Most people with confirmed or suspected COVID-19 who visit the emergency room are eventually discharged and sent home. This is to preserve the necessary resources for admitted patients and because people tend to prefer recovering at home, if doing so is safe.
Emergency room staff make the difficult decision to send a person home only after determining which people have the greatest need for hospital care.
While people with severe illnesses receive swift attention, doctors and nurses usually encourage those with mild symptoms of COVID-19 to go home.
However, the unpredictable nature of the disease makes it difficult for emergency staff to tell which people need to be admitted to the hospital.
Early reports have revealed that many people with COVID-19 only develop severe symptoms several days after testing positive. A person may then develop breathlessness and pneumonia, blood clots, acute kidney injury, and inflammation of the heart muscle, an issue called myocarditis.
Overall, researchers and doctors are still in the dark about which people with COVID-19 will end up needing hospital care after being sent home from the emergency room.
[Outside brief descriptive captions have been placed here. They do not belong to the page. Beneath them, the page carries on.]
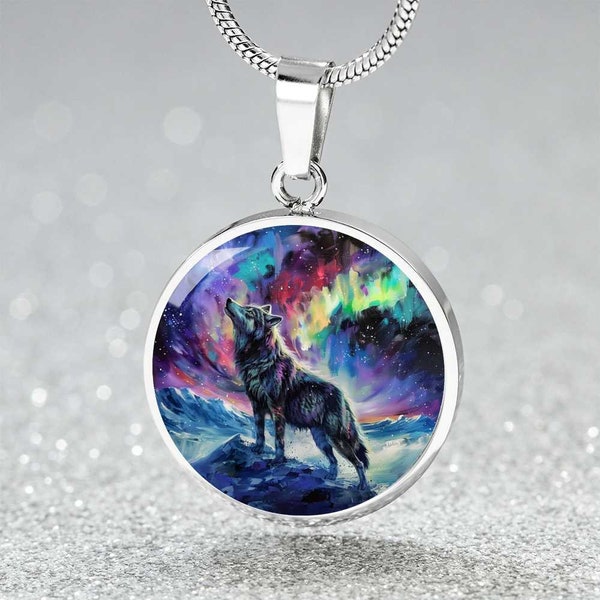 Celestial Wolf Aurora Pendant - Arctic Night Sky Necklace - Mystical Wilderness Charm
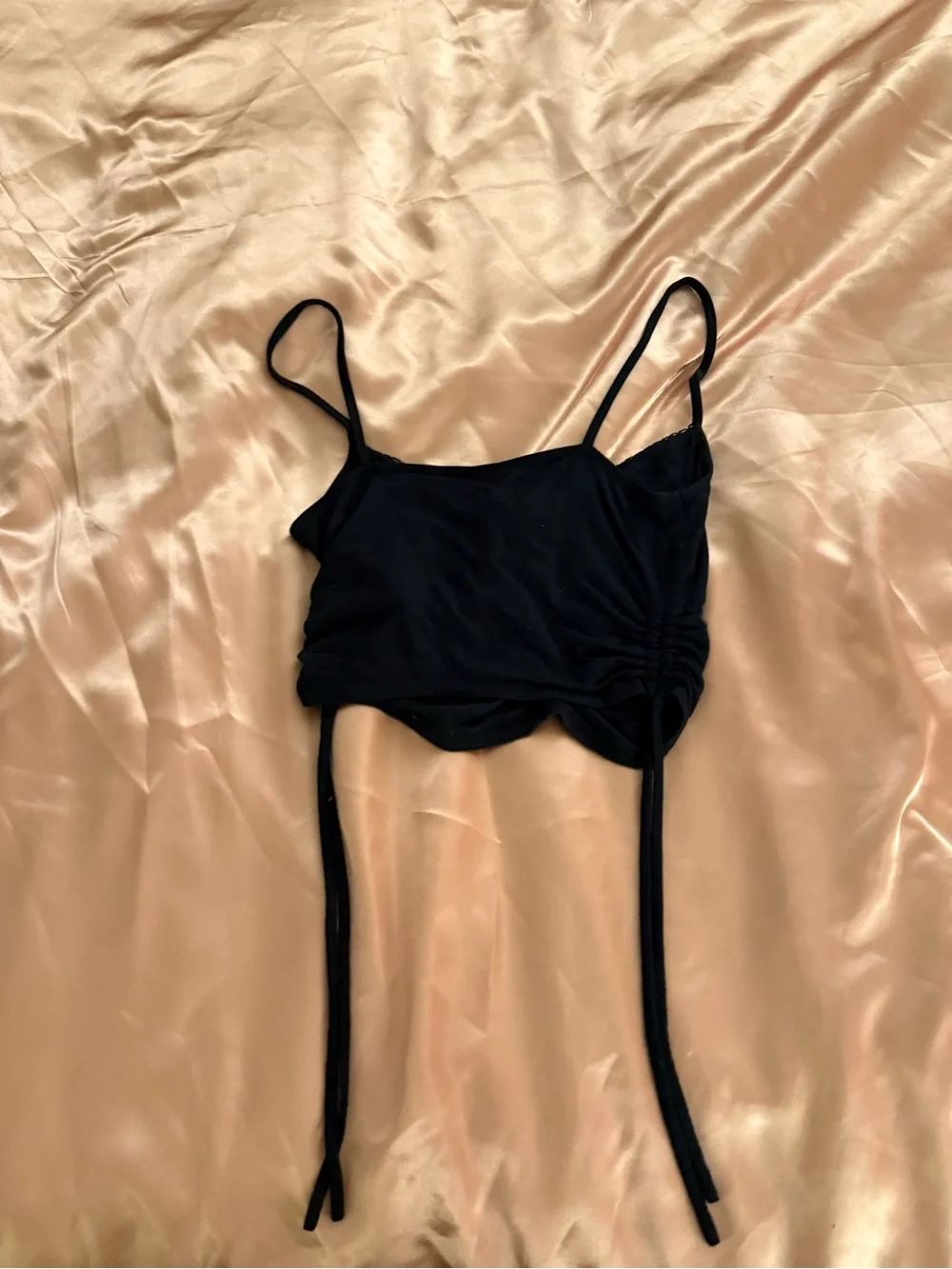 PacSun Black Ruched Tie-Detail Camisole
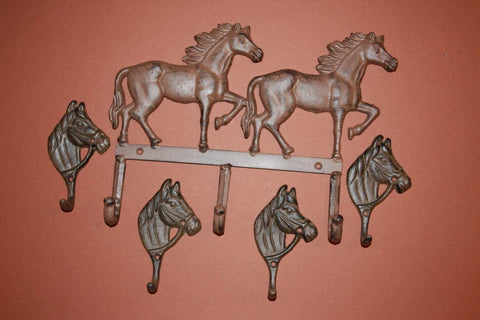 5) pcs, Wild Horse Bathroom Decor, cast iron western bath decor, free shipping, paintable, Horse bath towel hook, rustic,W-55,W-18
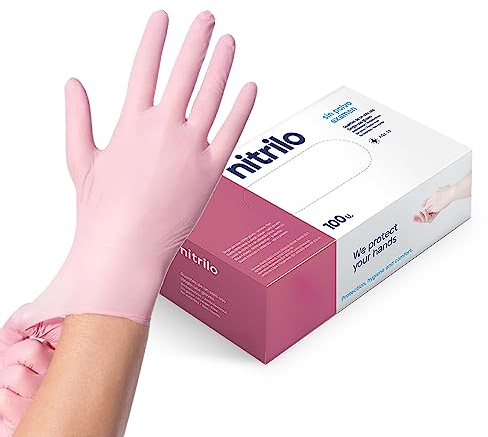ABD Guantes Nitrilo Desechables sin polvo, sin látex, 100 unidades/caja, guantes desechables, disponibles en talla S, M, L y XL(LATEX FREE) (M, Rosa)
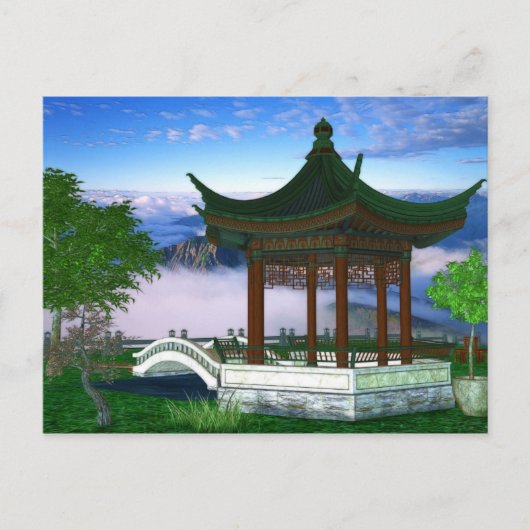 Pagoda Natuur Landschap Fantasy Art Briefkaart (Voorkant)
Unscheduled hospital admissions
In a new study published in the journal Academic Emergency Medicine, the researchers acknowledged these challenges.
They investigated how many people who had positive COVID-19 tests within 7 days, before or after, an emergency room visit returned to the emergency room and were then admitted for COVID-19 treatment.
They also took into account whether the people had an abnormal chest X-ray, a fever of over 100.4°F (38°C), or insufficient oxygen in their tissues, an issue called hypoxia, during their initial visit to the emergency room. The researchers defined hypoxia as a pulse oximetry level of less than 95% oxygen saturation.
The participants had each been discharged from one of five hospital emergency rooms in Pennsylvania or New Jersey from March 1 to May 28, 2020. The researchers made adjustments to account for the differences among the hospitals in their analysis.
A total of 66 patients (4.7%) returned to the emergency room and were admitted to the hospital within 72 hours because of their worsening COVID-19 symptoms. An additional 56 patients (3.9%) also returned to the emergency room but were again discharged.